Movies on TV

What is it about movies shown on TV that entrance us, even if it is bad or we have seen it over and over? This crazy phenomenon usually occurs on a weekend afternoon or late at night when, inevitably, there is a pressing task needing attention or the bed is awaiting warm and inviting. After flipping through the channels, frustrated by lack of good programming, suddenly you happen upon a movie that catches your eye. Perhaps you have seen it a handful of times or one of the actors is a favorite, maybe the dialogue caused your ears to perk up. You stop to watch for a few moments.
Suddenly, it is two hours later and you ask yourself how you just suffered through the terrible acting or why you just watched a movie you saw last weekend under the same circumstances. My movie viewing black holes fall into two categories, the familiar movie watched multiple times or movies I have not seen before but are so bad I question how I am still watching, commercials and all, as I view the train wreck until the credits role.

The appeal of watching a movie on TV is the ability to turn it off without the guilt of having paid an entrance fee. Yet, we get trapped into the world of the characters, even if we know the outcome from multiple viewings. I have a list of movies that I have seen too many times to count, but, if it is on the tube, I will watch it and probably, enjoy it! I admit, most are romantic comedies (aka chick flicks), a totally under-rated and over-made fun of genre. How can you not grin when watching When Harry Met Sally for the 18th time? Here are some of my other favorites: The Princess Bride, Music and Lyrics, Two Weeks Notice, Pretty Woman, You’ve Got Mail, Roman Holiday (so old it is black and white) and both Men in Black movies (a TBS favorite, I bet it is on sometime this week). Yes, I can recite the words to most of these movies, but there is something comforting about watching a movie so recognizable, seen throughout the years in a variety of circumstances. No matter how grumpy my mood, I can’t help but smile when Inigo Montoya from The Princess Bride says to Vizzini “You keep using that word. I do not think it means what you think it means” or laugh at the memory of a dial up connection when watching You’ve Got Mail. Viewing a familiar movie transports us back to the time we first saw the movie, to the people we were with, the juncture in our lives. I recall vividly watching The Princess Bride on Betamax tapes with my swimming buddies in high school which is technologically light years behind the viewings I had of Music and Lyrics with my mom on transatlantic flights on our personal screens. 

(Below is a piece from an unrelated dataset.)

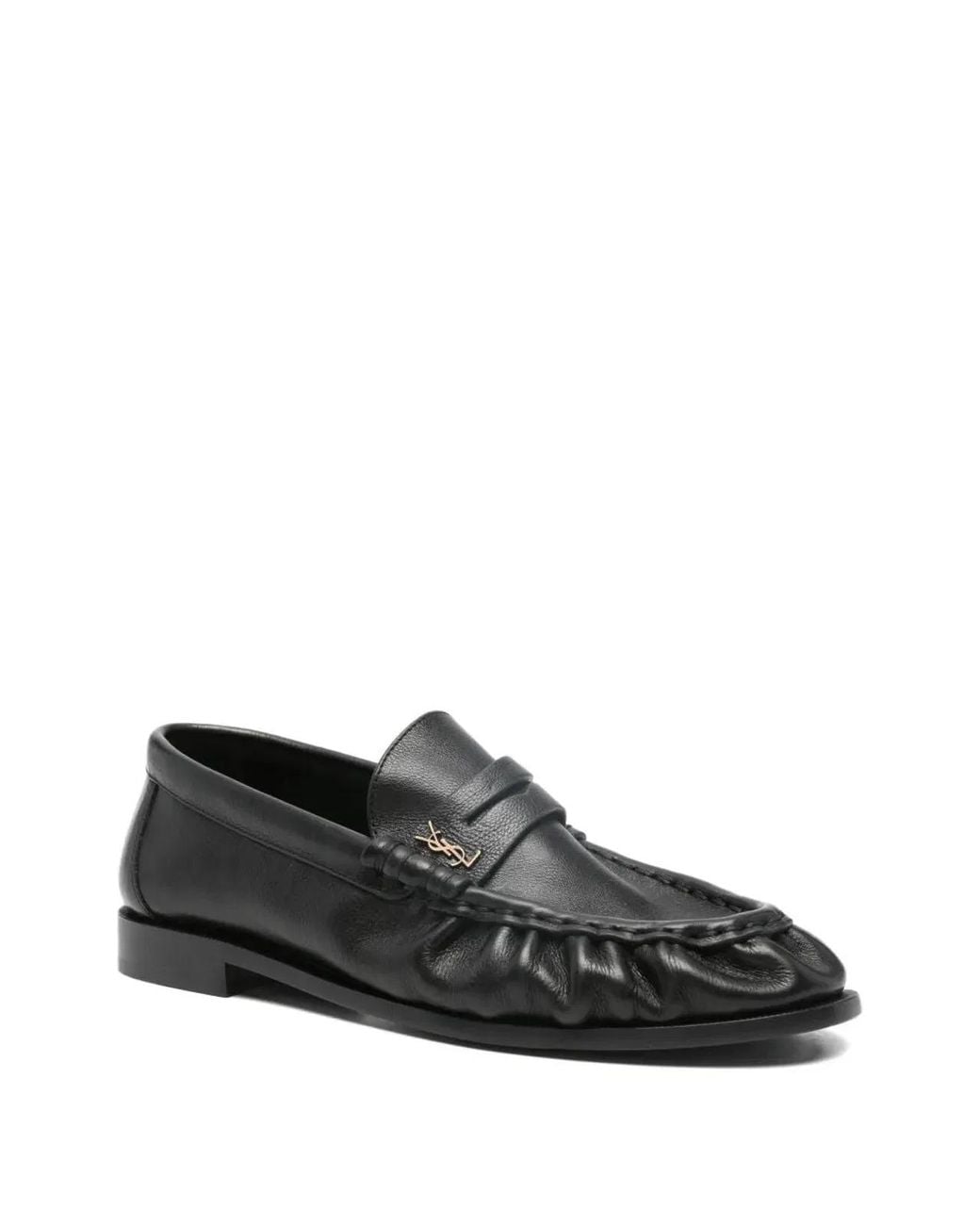 Saint Laurent Black Leather Loafers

The reasons for watching an oldie or an all-time favorite are seemingly clear cut. The motives for sticking out a stinker are vaguer. Just this weekend I caught a bad movie, Con-Air (if you loved it, I do not mean to offend), not once, but twice! I winced at the dialogue while trying to distinguish the origin of the bad accents through the first half before leaving for a run; and after dinner the movie was on again right at the part where I left off. I figured it was fate and I had to finish watching right until the cringe-worthy, sentimental ending with an inappropriately sappy song playing the background. Upon consideration, I watched because observing stuff getting blown up is cathartic, even if I did not pull the trigger. And, generally, bad movies make us feel better about our own lives. No matter the predicaments we find ourselves, it is usually better than the shenanigans portrayed in the movies. The characters are dumber, the families stranger, the bosses more infuriating, the kids more menacing. All of which are image boosting. And, nothing catches our attention more than a hot actor or actress – this can save almost any sinking movie. My friend Lara recently stated that she would watch George Clooney or Robert Downey Jr. eat breakfast. I would too and probably DVR it for future viewing.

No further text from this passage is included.